Dibawa-bawa namanya, tentu saja Eli Clark si Peramal langsung kepo. Seketika kepalanya menghadap kepada Vera dan Aesop yang sedang berdebat. Ah, bukan berdebat. Tepatnya Aesop yang sedang disembur Vera.

Eli kemudian melayangkan pandang kepada Emma Woods si Tukang Kebun, meminta bantuan untuk melerai mereka. Namun gadis itu ternyata sudah mencoba melerai sejak tadi, tetapi suaranya yang kecil tidak berani menginterupsi seruan Vera yang menggebu-gebu.

Mereka berempat memang baru saja kembali dari permainan. Pemburu kali itu adalah Joseph si Fotografer. Mereka menang, namun Vera merasa tidak puas.

"Kau tahu, aku sekarat dipukul si Pemburu saat sedikit lagi bisa keluar dari gerbang! Untung saja Emma membantuku, kau sendiri malah memberi petimu kepada Eli padahal tahu aku hampir dikursikan!" protes Vera bukan hanya didengar oleh tiga penyintas yang berada di sana, tetapi juga terdengar oleh penyintas-penyintas lain yang lewat. Alhasil, mereka jadi kepo dan ikutan menonton adegan Vera melabrak Aesop seperti menonton drama pelakor.

"Vera, mungkin kamu bisa kecilkan sedikit suaramu? Mereka semua melihat ke arah kita..." tegur Emma, tidak nyaman dilihat banyak orang. Para penyintas lain mengintip takut-takut, langsung kabur saat Vera mendelik ke arah mereka.

"Bukan cuma kali ini saja! Kau melakukannya di semua pertandingan!" lanjut Vera tidak peduli. Dia seperti tidak mendengar perkataan Emma, atau mungkin hanya diabaikannya saja. "Kau selalu menomorsatukan Eli dibanding yang lainnya. Oh, atau jangan-jangan kau suka padanya?"

"Heh?" sahut Eli spontan, begitu pun Aesop yang langsung memasang mimik kaget, tapi tidak bersuara. Vera tersenyum penuh kemenangan, menganggap reaksi dari kedua pria itu sesuai dugaannya. "Hah!

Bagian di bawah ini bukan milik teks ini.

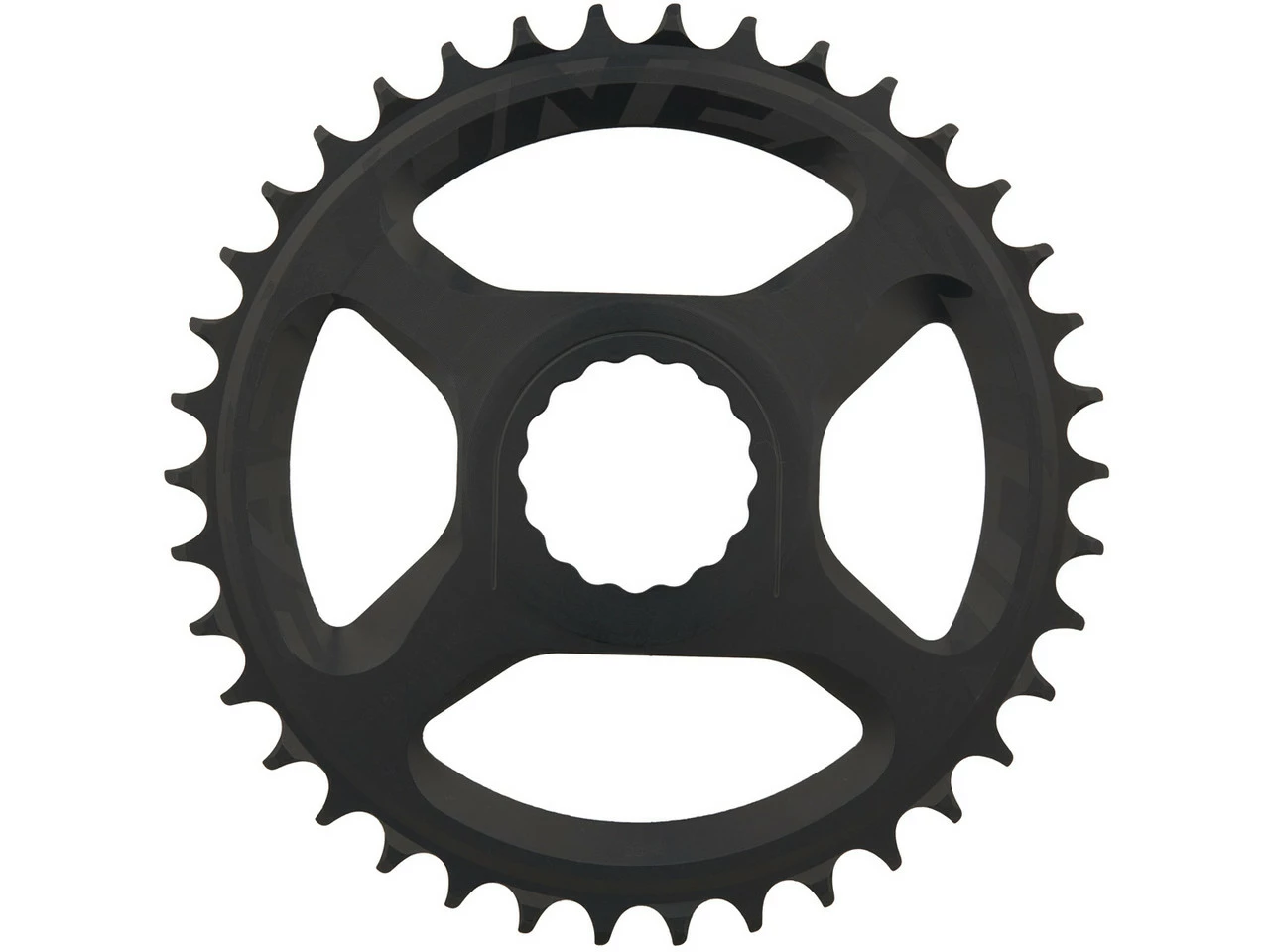 EASTON Direct Mount FLT SRAM 12-fach Kettenblatt 5 EASTON Direct Mount FLT SRAM 12-fach Kettenblatt – Bild 3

Sudah kuduga ada sesuatu di antara kalian! Mengaku sajalah, Aesop! Kau memang menyukai Eli!"

Aesop di luar dugaan tidak begitu lama menampilkan rasa terkejutnya. Ia justru menghela napas, seperti sedang menghadapi sesuatu yang sangat merepotkan. Perias mayat itu menatap Vera tepat di mata, kemudian berbicara dalam. "Aku tidak menyukai Eli Clark dalam konteks yang kausebutkan."

"Terus kenapa kau selalu memprioritaskan Eli untuk diberi peti? Itu sama saja curang, tahu!" potong Vera. Tidak membiarkan Aesop menjelaskan alasannya, bahkan untuk menarik napas.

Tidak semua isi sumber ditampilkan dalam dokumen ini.